The council reviewed the city’s comprehensive plan. The plan contains updated information about demographics and population trends. The study showed the short-term trend in the population increased but the overall trend was down. It also indicated the people who migrate into and out of the city for work is about even. An energy section was also added, which showed the city’s energy use within the infrastructure and highlights areas to boost efficiency. There was also a community meeting where recreation, housing, economic development and support facilities were noted as priorities. Sheridan opened the public hearing on the plan at 6:43 p.m. With no comments, the council moved to pass Resolution 2018-05 for the comprehensive plan.

At 6:46 p.m. a public hearing opened for the proposed rezoning of the property to the west of the Hacienda on Historic Highway 20 from C-2 high business to C-4 heavy commercial. The planning commission recommended the city council approve rezoning the land. The hearing was closed with no public comment. The council moved to adopt Ordinance 1173. Second and third hearings were waived.

Casey Peterson & Associates accountant Zack Van Sambeek and auditor Kelly Foreman presented the city’s 2016-17 fiscal year audit via video conference. There were no audit findings. There were two adjustments to the audit, which they said was good to have so few. The city’s net position rose by 0.33 over the prior year and the water and sewer rates are paying for the cost of the services. The council accepted the audit as presented.

Sheridan informed the council that the city uses a tractor from Modern Farm for snow removal and snow blowing. The tractor was recently sold, so he said it is in the city’s best interest to purchase a tractor from Modern Farm. The tractor, which costs $45,000, comes with a loader and gravel fork and can also mow properties. To purchase it, the city would look at financing options. With the tractor’s multiple uses, the council approved Resolution 2018-04 to purchase the tractor.

A GenPro electrician visited the well field site for the solar project to see if the location will work. There was concern about the solar panels turning on the generator and driving up energy and gas costs. Sheridan explained the solar panels are connected to the meter and then to the generator so the panels will not kick on the generator. Another concern was having enough space for maintenance equipment to fit between the panels and well, as well as the panels’ energy efficiency decline. The council decided to seek more information and took no action.

Northwest Community Action Partnership has a transportation agreement with the city to provide $1 rides to residents. The council moved to sign the agreement and continue offering this service.

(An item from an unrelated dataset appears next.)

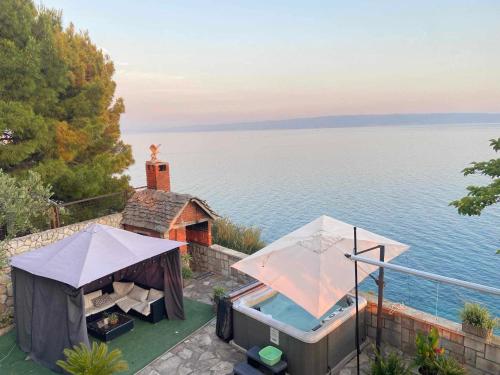 Super Horizont -FREE PARKING AND JACCUZZI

Sheridan informed the council of a change to the city manager employee agreement for Chad Edwards that included a moving expense reimbursement up to $2,500. If Edwards was to leave within a year, then he would pay the amount back and if he left in two years, then he would pay half of it back. Edwards plans to start on March 5. All were in favor to approve the employment agreement.

Sheridan presented the manager’s report. Casey Walton contacted the city concerning the city’s disparity in business between Napa and Husker Auto Parts. He requested last year’s records of purchases. The city spent $8,693 at Napa and $374.88 at Husker Auto. Sheridan said the discrepancy was from Napa’s state bid that gives the city a 20 percent discount. There was a discussion about how it is the city’s best business decision to purchase supplies at the lowest price.

Sheridan met with the engineers on the wastewater project a few weeks ago. The construction date is projected for late fall to change the valves. The next steps are to get a bond approved and go out for bids.

Hanna-Keelan will host two listening sessions on February 15 about the housing study. One session will be in Rushville at Security First Insurance from noon to 1 p.m. and in Gordon at the council chambers from 5:30 p.m. to 6:30 p.m.  

The council entered into executive session at 7:34 p.m. to discuss possible feedlot zoning litigation.

The next regular meeting of the Gordon City Council is March 8 at 6 p.m.